Our goal is to make the weekly #BLPLearn blog a dependable source for quality, curated L&D content. Check back every Thursday.


Rather than restricting the social media conversation to a 30 minute window, we’re inviting everyone inside and outside BLP to share interesting links, thoughts, and articles with the #BLPLearn hashtag on Twitter. We’ll check the feed once a week and include the best articles submitted via Twitter in the post, too.


Now that introductions are out of the way, let’s dive in to this week’s articles:

People don’t actually like creativity?
Submitted by: Jackie Crofts, Multimedia Developer

This is an article I read a while back that I thought was interesting about how we say we like creativity, but we actually don’t. What it’s really saying is that when we’re faced with straight creative thought it can be hard to accept if it’s not within certain boundaries. I think it kind of goes well with the link that Corey posted last week about games becoming weirder. When you hit the creative nail on the head, an audience can embrace it and really get behind it, but initially that sweet spot can be hard to find because a lot of different factors come into play for the creators. What are your guys’ thoughts?
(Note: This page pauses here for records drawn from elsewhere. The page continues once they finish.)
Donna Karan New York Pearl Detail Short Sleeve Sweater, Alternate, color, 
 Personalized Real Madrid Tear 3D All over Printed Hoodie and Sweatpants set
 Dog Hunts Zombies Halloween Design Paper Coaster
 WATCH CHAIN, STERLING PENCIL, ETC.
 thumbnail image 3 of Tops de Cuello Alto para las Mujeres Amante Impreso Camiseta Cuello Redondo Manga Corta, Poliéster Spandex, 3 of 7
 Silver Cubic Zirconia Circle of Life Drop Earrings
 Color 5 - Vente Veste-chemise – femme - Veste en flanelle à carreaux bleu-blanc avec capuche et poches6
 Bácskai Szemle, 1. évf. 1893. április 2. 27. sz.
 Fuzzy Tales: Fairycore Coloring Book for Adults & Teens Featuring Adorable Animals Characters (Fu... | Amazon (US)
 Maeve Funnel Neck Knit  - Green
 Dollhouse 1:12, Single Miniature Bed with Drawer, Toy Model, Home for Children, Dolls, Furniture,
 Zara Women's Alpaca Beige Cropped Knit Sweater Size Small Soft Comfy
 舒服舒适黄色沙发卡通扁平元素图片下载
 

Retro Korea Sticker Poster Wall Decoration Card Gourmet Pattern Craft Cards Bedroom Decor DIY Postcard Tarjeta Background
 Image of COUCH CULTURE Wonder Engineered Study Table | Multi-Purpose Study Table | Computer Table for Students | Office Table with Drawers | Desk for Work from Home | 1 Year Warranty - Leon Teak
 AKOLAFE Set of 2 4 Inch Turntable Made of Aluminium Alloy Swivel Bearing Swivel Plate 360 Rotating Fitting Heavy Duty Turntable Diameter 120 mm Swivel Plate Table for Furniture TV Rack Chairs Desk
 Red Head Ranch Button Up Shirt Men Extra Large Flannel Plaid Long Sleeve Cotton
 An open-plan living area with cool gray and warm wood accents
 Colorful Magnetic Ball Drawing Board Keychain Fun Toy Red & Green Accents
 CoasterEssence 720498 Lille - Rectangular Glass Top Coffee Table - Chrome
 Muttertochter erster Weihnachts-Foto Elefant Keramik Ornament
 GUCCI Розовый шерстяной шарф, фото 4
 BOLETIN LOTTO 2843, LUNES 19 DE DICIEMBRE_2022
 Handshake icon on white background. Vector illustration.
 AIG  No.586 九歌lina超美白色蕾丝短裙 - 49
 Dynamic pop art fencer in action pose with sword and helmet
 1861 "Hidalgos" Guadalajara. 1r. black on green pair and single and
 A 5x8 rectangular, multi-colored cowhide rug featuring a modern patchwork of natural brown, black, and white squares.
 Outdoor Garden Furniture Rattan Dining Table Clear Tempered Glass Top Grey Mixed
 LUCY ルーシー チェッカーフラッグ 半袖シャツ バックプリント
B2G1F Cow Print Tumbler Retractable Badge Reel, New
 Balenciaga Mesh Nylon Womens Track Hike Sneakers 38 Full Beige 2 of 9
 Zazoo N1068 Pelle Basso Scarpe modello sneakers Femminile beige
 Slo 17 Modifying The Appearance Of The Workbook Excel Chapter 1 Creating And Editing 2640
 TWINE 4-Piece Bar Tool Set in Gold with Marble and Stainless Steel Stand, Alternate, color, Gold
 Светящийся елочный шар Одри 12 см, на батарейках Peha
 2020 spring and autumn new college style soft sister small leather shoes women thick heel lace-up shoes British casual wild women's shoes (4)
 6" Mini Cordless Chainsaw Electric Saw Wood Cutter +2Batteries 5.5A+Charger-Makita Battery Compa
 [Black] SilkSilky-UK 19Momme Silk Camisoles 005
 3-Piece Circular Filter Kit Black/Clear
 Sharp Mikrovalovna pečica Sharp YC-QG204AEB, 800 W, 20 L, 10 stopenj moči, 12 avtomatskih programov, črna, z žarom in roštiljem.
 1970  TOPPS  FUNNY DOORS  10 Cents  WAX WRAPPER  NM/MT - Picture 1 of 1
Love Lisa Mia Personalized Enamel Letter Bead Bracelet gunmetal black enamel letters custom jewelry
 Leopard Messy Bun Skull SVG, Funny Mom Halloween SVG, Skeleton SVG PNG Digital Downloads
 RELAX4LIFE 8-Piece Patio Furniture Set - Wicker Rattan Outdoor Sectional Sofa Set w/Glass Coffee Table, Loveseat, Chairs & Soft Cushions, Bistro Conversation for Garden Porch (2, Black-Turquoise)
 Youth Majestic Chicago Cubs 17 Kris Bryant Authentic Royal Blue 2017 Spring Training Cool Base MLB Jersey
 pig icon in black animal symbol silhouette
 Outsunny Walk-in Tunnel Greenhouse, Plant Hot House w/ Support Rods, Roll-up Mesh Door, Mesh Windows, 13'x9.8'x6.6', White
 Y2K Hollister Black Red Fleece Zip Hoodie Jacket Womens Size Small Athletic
Inside the Box. People don’t actually like creativity.

To go along with my link, here’s a wonderful short little indie game called Martian Middle School Dance. It’s creative, strange, and silly but I think the charm of it makes it is what makes it so easy to accept. Enjoy!

Martian Middle School Dance

Interactive Videos Galore
Submitted by: Kendell Lett, Senior Multimedia Developer

Seeing as how the intended purpose of this video seems to be to engage and get people to watch/stay, do you think that the interactions help its cause? Hurt? Make no difference? Did you watch all the way through? How many icons did you find?

Pepsi Celebrates Music and Football Proving That Now Is What You Make It

Here’s another one that uses the same tactic – I’m not digging the music, so feel free to mute if it makes you happy. you’ll get the idea of this one in a few seconds, although I never really figured out “why” we were doing it.


This is yet another approach to an interactive video, in case anyone hasn’t seen it yet (view it from your laptop – I suggest Chrome) This is super cool and uses a program called Interlude. Thoughts?